TASK BRIEF: Would you repeat the entries below exactly and omit the pictures?

Pictures with short captions:
▼

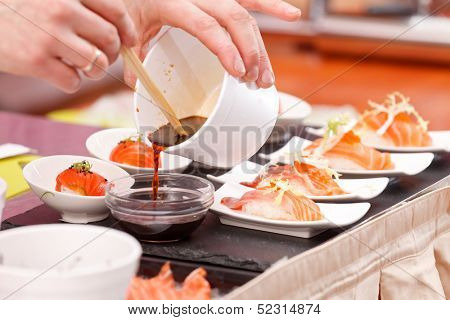 sushi on the table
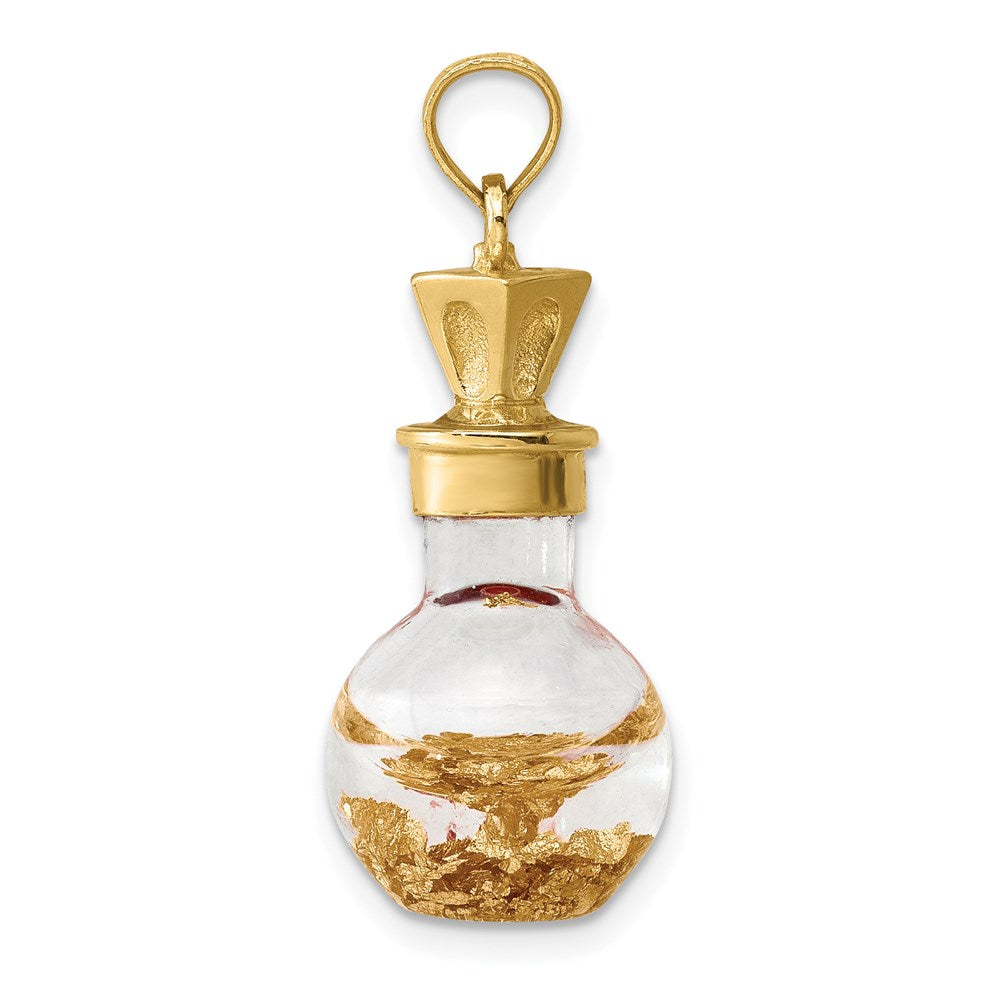 14k Yellow Gold 11.7 mm 3-D Gold Leaf In Bottle Charm (2.71 grams)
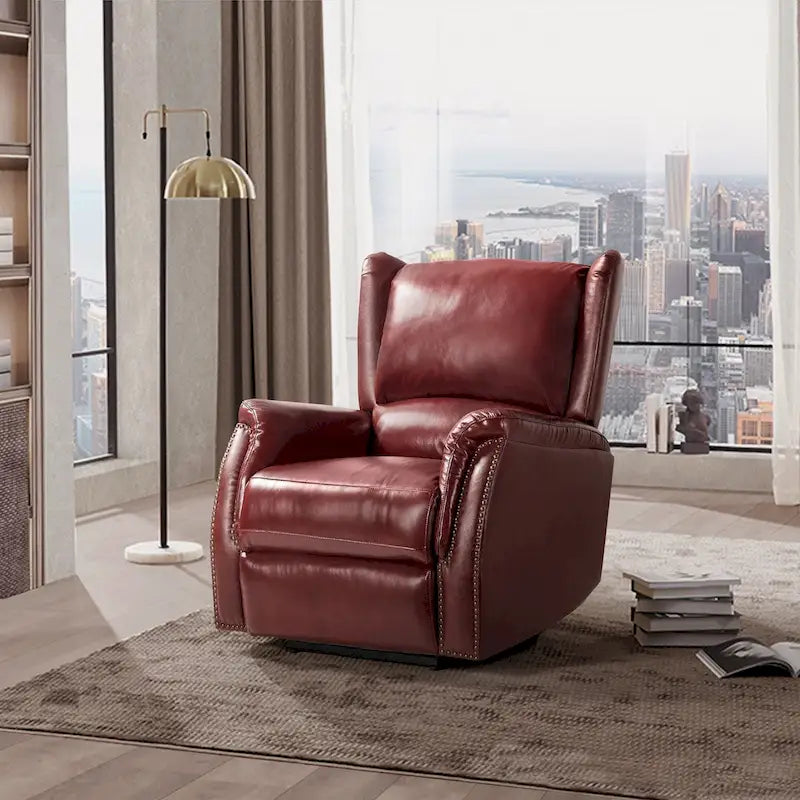 Genuine Leather Power Recliner with USB Port and Wingback Design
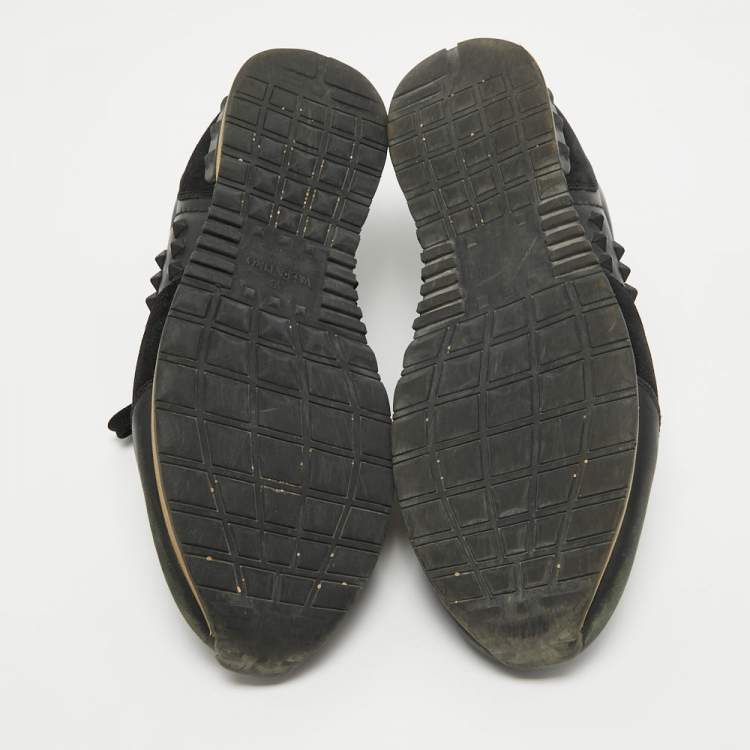 Pre Owned Valentino Black Leather and Suede Rockrunner Sneakers Size 42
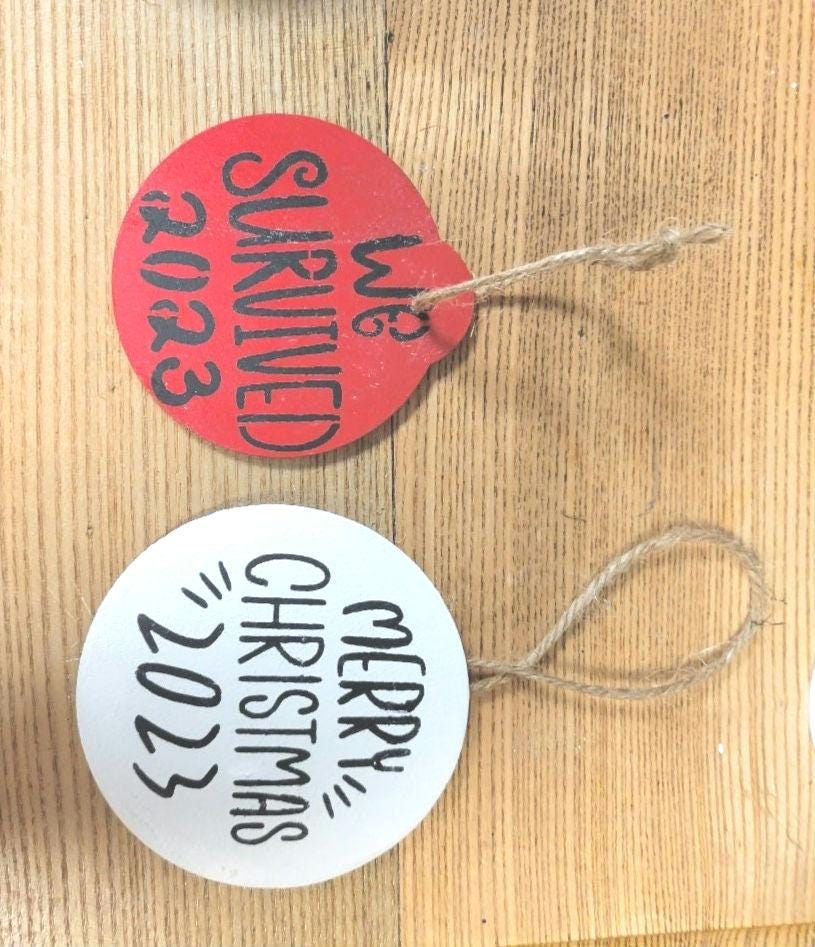 Handpainted Christmas ornaments 3" wood discs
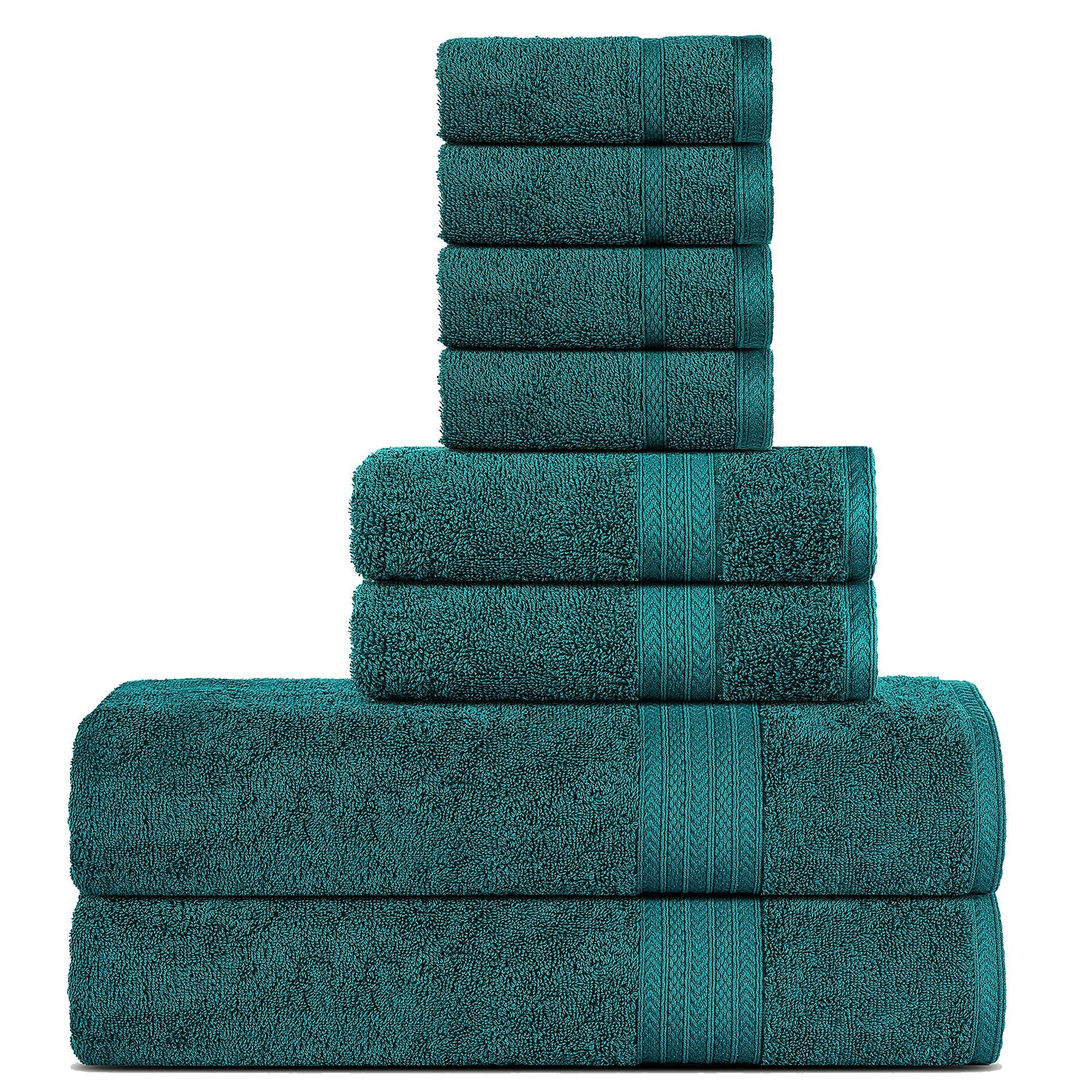 SweetNeedle Supreme Premium 500 GSM 8 Piece Towel Set, 100% Cotton, Machine Wash, Double Stitched, Strong Hem & Highly Absorbent for Bathroom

▲

ANSWER SECTION:
 sushi on the table
 14k Yellow Gold 11.7 mm 3-D Gold Leaf In Bottle Charm (2.71 grams)
 Genuine Leather Power Recliner with USB Port and Wingback Design
 Pre Owned Valentino Black Leather and Suede Rockrunner Sneakers Size 42
 Handpainted Christmas ornaments 3" wood discs
 SweetNeedle Supreme Premium 500 GSM 8 Piece Towel Set, 100% Cotton, Machine Wash, Double Stitched, Strong Hem & Highly Absorbent for Bathroom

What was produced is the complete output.